ComparativeGenomicsToolkit / cactus

Official home of genome aligner based upon notion of Cactus graphs
Other
505 stars 111 forks source link

On species tree and branch lengths #1337

Open diego-rt opened 5 months ago

diego-rt commented 5 months ago

Hello,

First of all, thanks a lot for your very exciting (and complex) pipeline. I'm really looking forward to seeing the results!

I'm struggling a bit with the species tree though. I would like to generate a cactus whole genome alignment for a number of amniote species and was wondering what is the most effective way to calculate the branch lengths. I followed your discussion on the FAQ and on other issues and I read that you mention that mashtree is not ideal for longer branch lengths.

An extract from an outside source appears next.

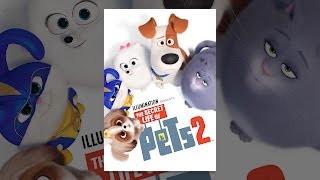 Download lagu The Secret Life of Pets 2 mp3 Download lagu The Secret Life of Pets 2 mp3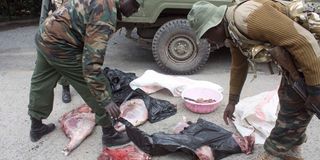 Bush meat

Do you have any advice on how to calculate the branch lengths for i.e. an alignment spanning from mammals to birds like the one in your 2020 publication?

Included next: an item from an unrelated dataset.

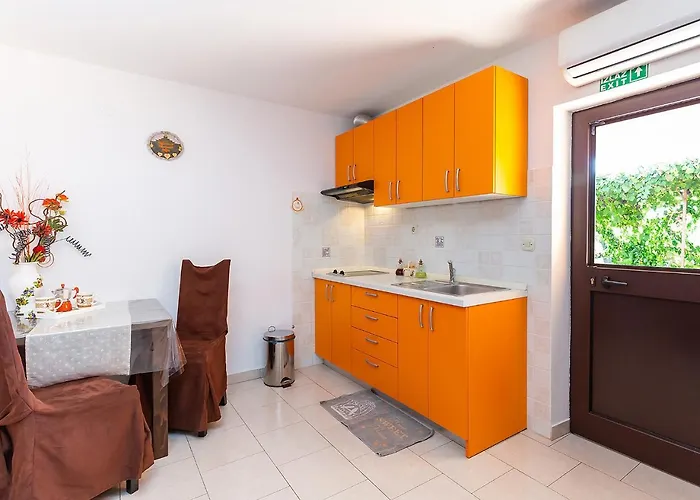 Alice Oasis - Poreč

I have an orthofinder-derived species tree for my species, is it possible to use these distances (in subs/site but calculated from a concatenated MSA of single copy genes)? Or do the distances have to be derived from neutrally evolving (i.e. 4-fold degenerate) sites? Would mashtree be preferable in that case?

I would like to prioritise the accuracy of the genome reconstructions (particularly at intergenic regions) so I'm happy to hear whatever you think would lead to the best outcome.

Thanks a lot!

glennhickey commented 5 months ago

You an try PhyloFit on 4-fold degenerate sites as described here: https://genome.ucsc.edu/cgi-bin/hgTrackUi?db=hg38&g=cons241way

I know Siavash (and collaborators) have a new new tool coming out soon to make this easier, and I'll put a link on the cactus page once it's released.